**ASSIGNMENT:** The records below are to be set down word for word, with every picture left out.

DATA IN THIS EXERCISE below:

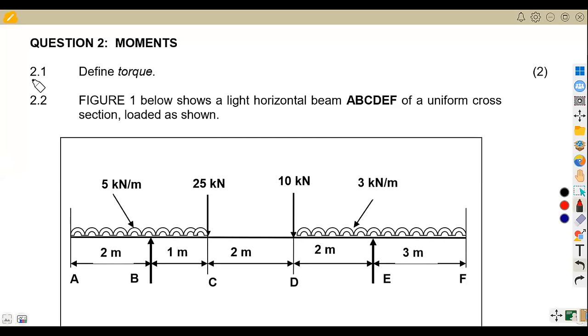So the first question was to define torque. You know that, guys, your theory part — you're supposed to read all the theory in each and every topic.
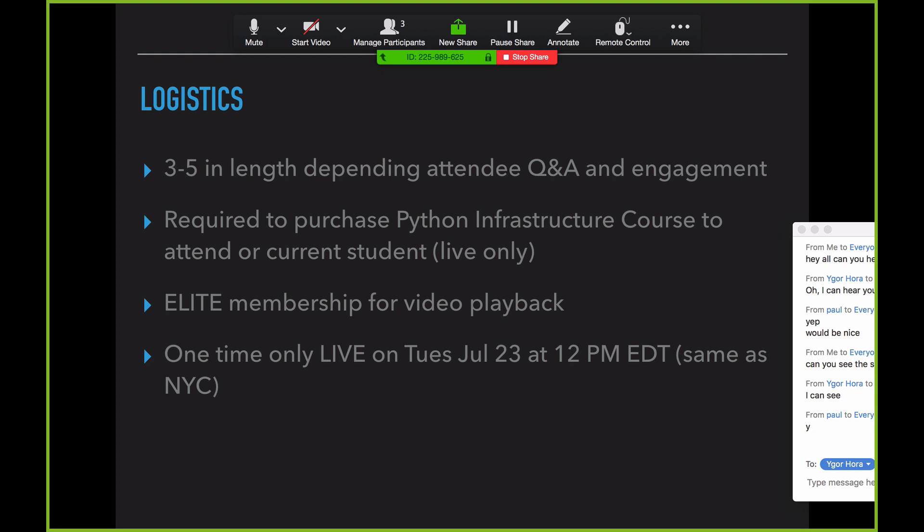So this is logistics. The course will be three to five hours in length depending upon attendees, questions and answers, and engagement. Two ways to get into the workshop next week: either sign up for the Python Infrastructure Course to attend, or if you're a current student, for the live-only component. There will be a video playback available, which will be put into my elite membership so they can get access to it forever.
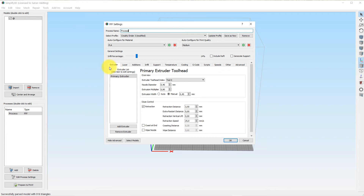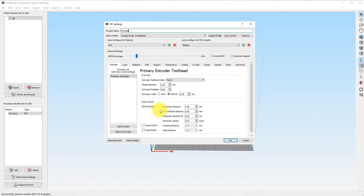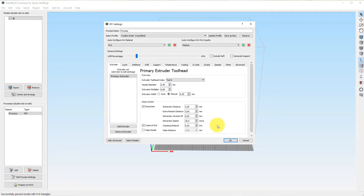In my case, I go to the extruder settings. On the first print I showed you, I used these retraction settings to try to get rid of it, but it didn't work perfectly. I also want to look at the coasting distance. Coasting distance means it will not push more filament through the nozzle for a given distance before the end of the loop — in this case 0.2 millimeters. I'll start from scratch, removing the retraction checkmark so I only have the coast distance at the standard 0.2 millimeters, and let's try a print with that.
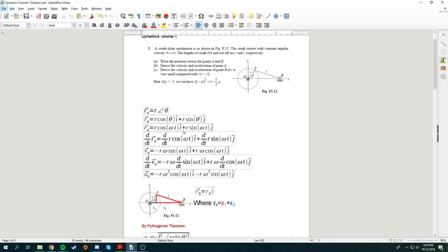Now we have the position vector of A. To find the velocity vector of A, it's just the time derivative of the position vector of A. Differentiating with respect to t, the velocity of A is negative R omega sine(omega t) in the i direction, plus R omega cosine(omega t) in the j direction.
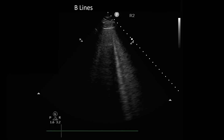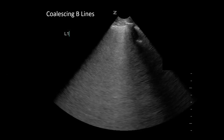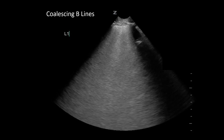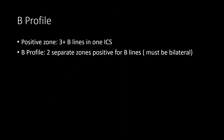Here's an example of B-lines. B-lines are a discrete, laser-like, vertical, hyperechoic reverberation artifact. They arise from the pleural line and extend to the bottom of the screen without fading. They move synchronously with lung sliding. In this example, the B-lines have become more numerous and are coalescing together. A B-profile can be diagnostic for CHF in the correct clinical context. To diagnose a B-profile, you need at least three B-lines in at least two zones bilaterally.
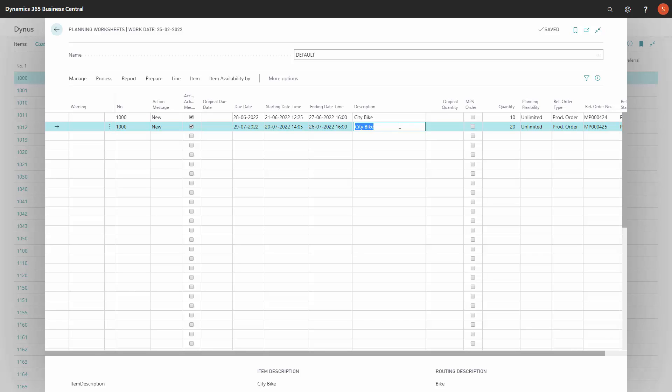And this functionality applies to all supplies in Business Central, meaning purchase order lines, production order component lines, assembly order lines. So this is a way to avoid getting new lines in here.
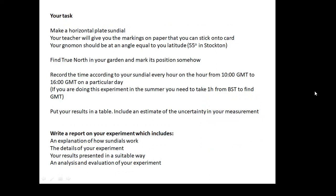Your task: I'm going to ask my class to make a horizontal plate sundial. I've given my class a template; if you're not in my class, find a computer program on the internet — there are loads and it'll do it for you. Find true north in your garden and mark its position. Then test your sundial: take about 10 different readings on the same day, make a note of GMT, make a note of what your sundial says, and put it in the table.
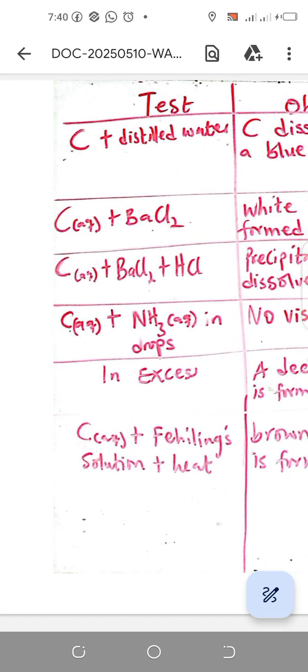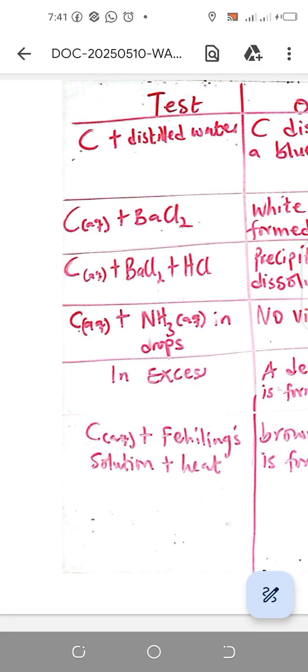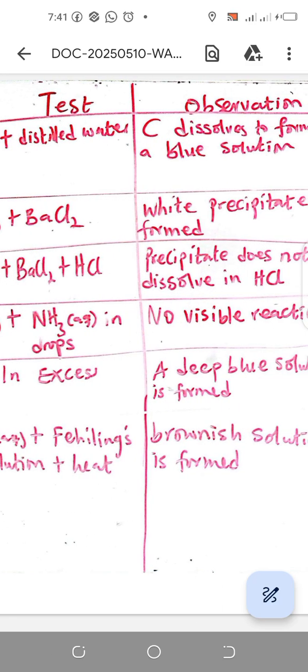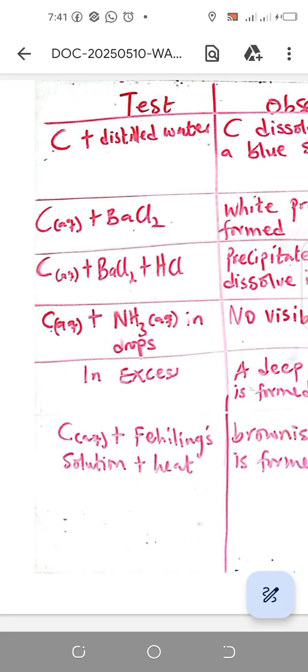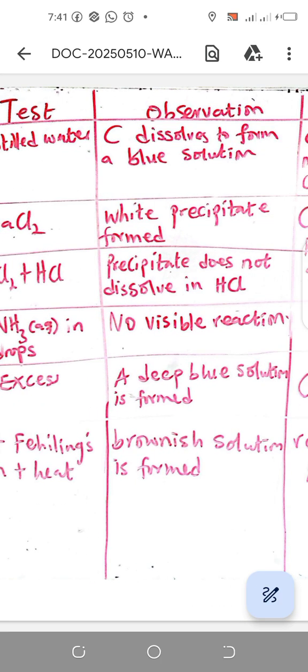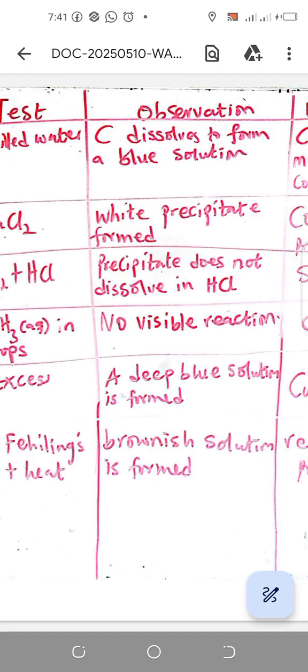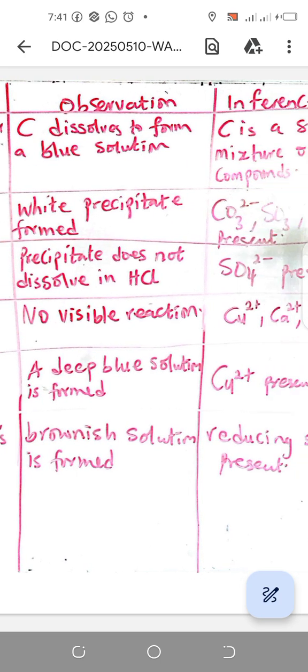For the last test here, you have the Fehling's solution where you have Fehling's A and B added to the aqueous C. You can heat that solution, and you see a brownish solution from that, which confirms a reducing sugar in the mixture.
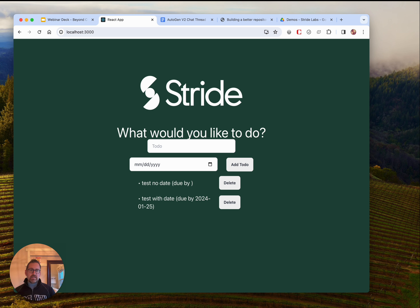I'd like to add new functionality to this code base that I'm working with locally. I've got a Python script here which is configuring a team of AI agents, which are going to take a non-technical user story and write code to fulfill it. I'm trying to add the ability to delete to-do items.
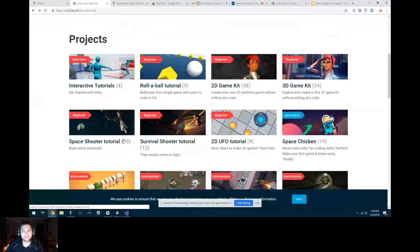Well, thanks for coming everybody. I hope to see you in the interwebs somewhere soon. Thanks again — we'll see you soon. Thank you, Mark. Bye! Happy Hour of Code, everybody.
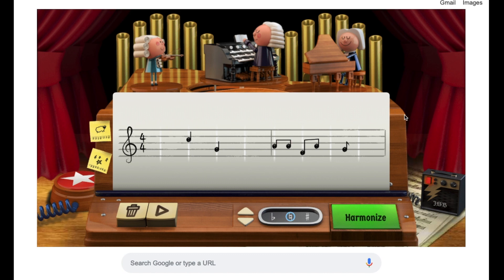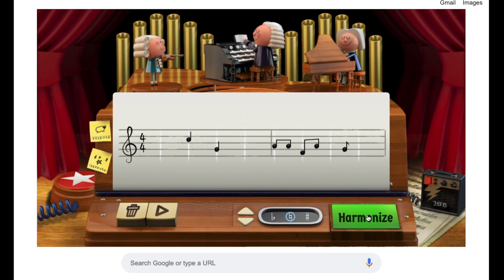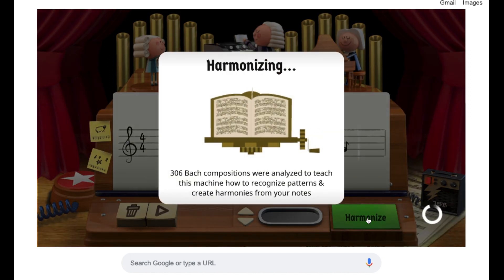Now we will tap the harmonize button to generate our counterpoint.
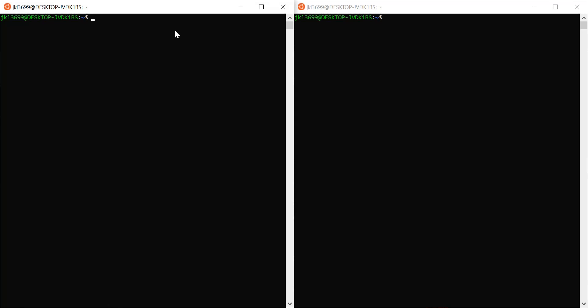To create the server, we just need one command. We'll say: netcat -l -p and then specify the port that will be receiving the data on. I'll use port 4000.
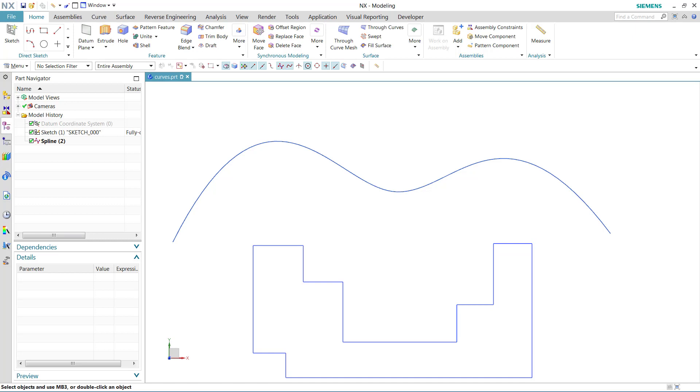This brief video is part of a larger series exploring the new NXMeasure command. In this video, I'll show you how to measure distances along curves.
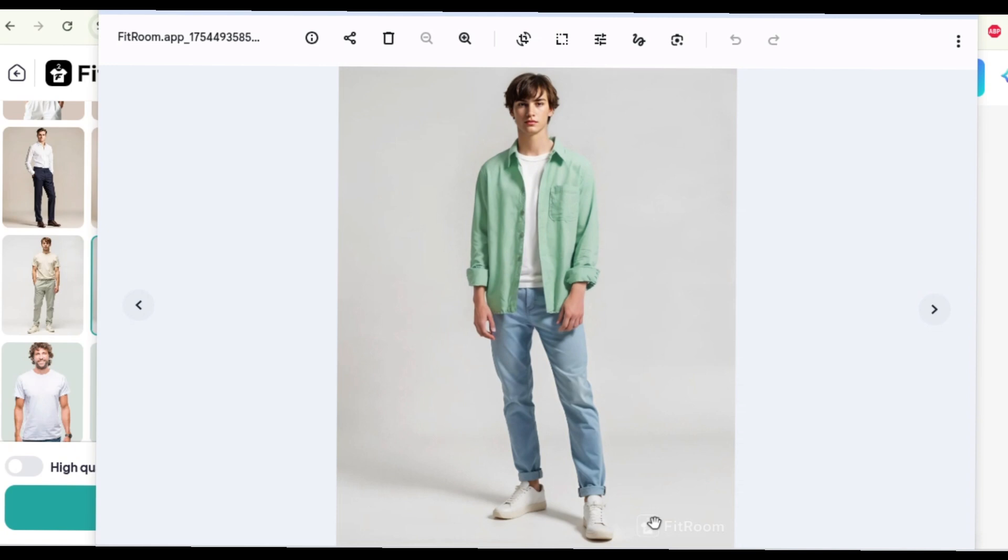Alright, thank you for watching this tutorial. If you would like to use Fit Room just go straight to my description. You see the link to Fit Room over there. And also check out other videos I have. I have a lot of tutorials for different AI tools for fashion and they're amazing.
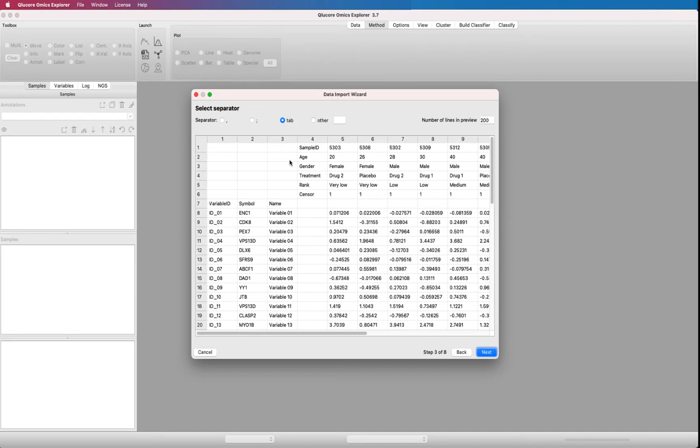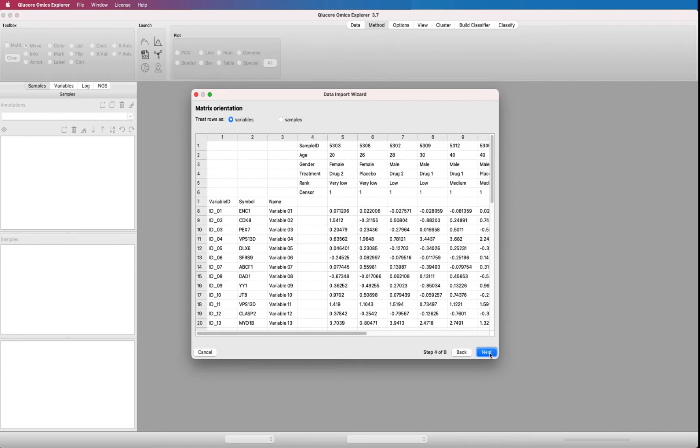Next question. Select separator. This is a tab-separated file, so this is correct. Press next. Next question. Matrix orientation. The rows are variables. This is correct. We can also handle transposed files with samples as rows. Press next.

End of DATA IN THIS EXERCISE.

**RESULT:**
So the first question was to define torque. You know that, guys, your theory part — you're supposed to read all the theory in each and every topic.
So this is logistics. The course will be three to five hours in length depending upon attendees, questions and answers, and engagement. Two ways to get into the workshop next week: either sign up for the Python Infrastructure Course to attend, or if you're a current student, for the live-only component. There will be a video playback available, which will be put into my elite membership so they can get access to it forever.
In my case, I go to the extruder settings. On the first print I showed you, I used these retraction settings to try to get rid of it, but it didn't work perfectly. I also want to look at the coasting distance. Coasting distance means it will not push more filament through the nozzle for a given distance before the end of the loop — in this case 0.2 millimeters. I'll start from scratch, removing the retraction checkmark so I only have the coast distance at the standard 0.2 millimeters, and let's try a print with that.
Now we have the position vector of A. To find the velocity vector of A, it's just the time derivative of the position vector of A. Differentiating with respect to t, the velocity of A is negative R omega sine(omega t) in the i direction, plus R omega cosine(omega t) in the j direction.
Here's an example of B-lines. B-lines are a discrete, laser-like, vertical, hyperechoic reverberation artifact. They arise from the pleural line and extend to the bottom of the screen without fading. They move synchronously with lung sliding. In this example, the B-lines have become more numerous and are coalescing together. A B-profile can be diagnostic for CHF in the correct clinical context. To diagnose a B-profile, you need at least three B-lines in at least two zones bilaterally.
And this functionality applies to all supplies in Business Central, meaning purchase order lines, production order component lines, assembly order lines. So this is a way to avoid getting new lines in here.
Your task: I'm going to ask my class to make a horizontal plate sundial. I've given my class a template; if you're not in my class, find a computer program on the internet — there are loads and it'll do it for you. Find true north in your garden and mark its position. Then test your sundial: take about 10 different readings on the same day, make a note of GMT, make a note of what your sundial says, and put it in the table.
For the last test here, you have the Fehling's solution where you have Fehling's A and B added to the aqueous C. You can heat that solution, and you see a brownish solution from that, which confirms a reducing sugar in the mixture.
I'd like to add new functionality to this code base that I'm working with locally. I've got a Python script here which is configuring a team of AI agents, which are going to take a non-technical user story and write code to fulfill it. I'm trying to add the ability to delete to-do items.
Well, thanks for coming everybody. I hope to see you in the interwebs somewhere soon. Thanks again — we'll see you soon. Thank you, Mark. Bye! Happy Hour of Code, everybody.
Now we will tap the harmonize button to generate our counterpoint.
To create the server, we just need one command. We'll say: netcat -l -p and then specify the port that will be receiving the data on. I'll use port 4000.
This brief video is part of a larger series exploring the new NXMeasure command. In this video, I'll show you how to measure distances along curves.
Alright, thank you for watching this tutorial. If you would like to use Fit Room just go straight to my description. You see the link to Fit Room over there. And also check out other videos I have. I have a lot of tutorials for different AI tools for fashion and they're amazing.
Next question. Select separator. This is a tab-separated file, so this is correct. Press next. Next question. Matrix orientation. The rows are variables. This is correct. We can also handle transposed files with samples as rows. Press next.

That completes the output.